Article 2.- Les demandes d’interprétation de l’article 4 et du Considérant n° 9 de la décision n°10-HCC/D3 sont recevables.
Article 3.- Les mandats des membres de l’Assemblée Nationale, du Sénat et de la Haute Cour Constitutionnelle sont consacrés par les articles 69, 80 et 114 de la Constitution.
Article 4.- Le mandat des membres de la CENI est consacré par l’article 21 de la loi n°2015-020 relative à la structure nationale indépendante chargée de l’organisation et de la gestion des opérations électorales dénommée CENI et celui des membres de la HCDDED est consacré par l’article 5 de la loi n°2015-001 relative au Haut Conseil pour la Défense de la Démocratie et de l’Etat de Droit.
Article 5 :- Le report du scrutin présidentiel est envisageable sous le contrôle de la Haute Cour Constitutionnelle.
Article 6.– La présente décision sera notifiée aux requérants, au Président de la Refondation de la République de Madagascar, au Premier Ministre Chef du Gouvernement, au Président de l’Assemblée Nationale, au Président du Sénat par intérim et publiée au Journal Officiel de la République.

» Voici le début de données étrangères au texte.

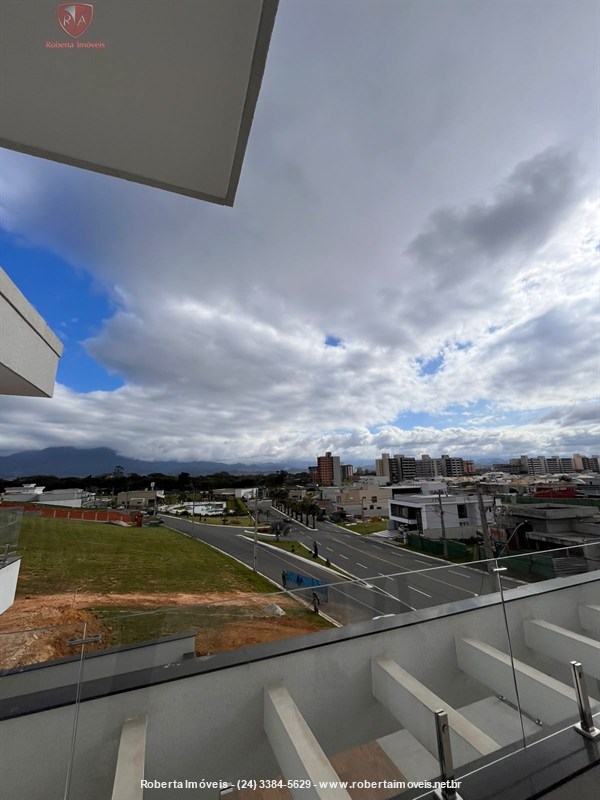 Casa para Venda ou Alugar no Ipiranga I ( Parque Ipiranga I ) em Resende - Foto do Im�vel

Ainsi délibéré en audience privée tenue à Antananarivo le six novembre l’an deux mille vingt-cinq à dix heures, la Haute Cour Constitutionnelle étant composée de :
Monsieur FLORENT Rakotoarisoa, Président
Monsieur NOELSON William, Haut Conseiller-Doyen
Madame RATOVONELINJAFY RAZANOARISOA Germaine Bakoly, Haut Conseiller
Madame RAKOTOBE ANDRIAMAROJAONA Vololoniriana Christiane, Haut Conseiller
Madame RAKOTONIAINA RAVEROHANITRAMBOLATIANIONY Antonia, Haut Conseiller
Monsieur MBALO Ranaivo Fidèle, Haut Conseiller
Monsieur RASOLO Nandrasana Georges Merlin, Haut Conseiller
Madame RAZANADRAINIARISON RAHELIMANANTSOA Rondro Lucette, Haut Conseiller
Madame ANDRIAMAHOLY RANAIVOSON Rojoniaina, Haut Conseiller ;
Et assistée de Maître VAONIRINA Colette, Greffier.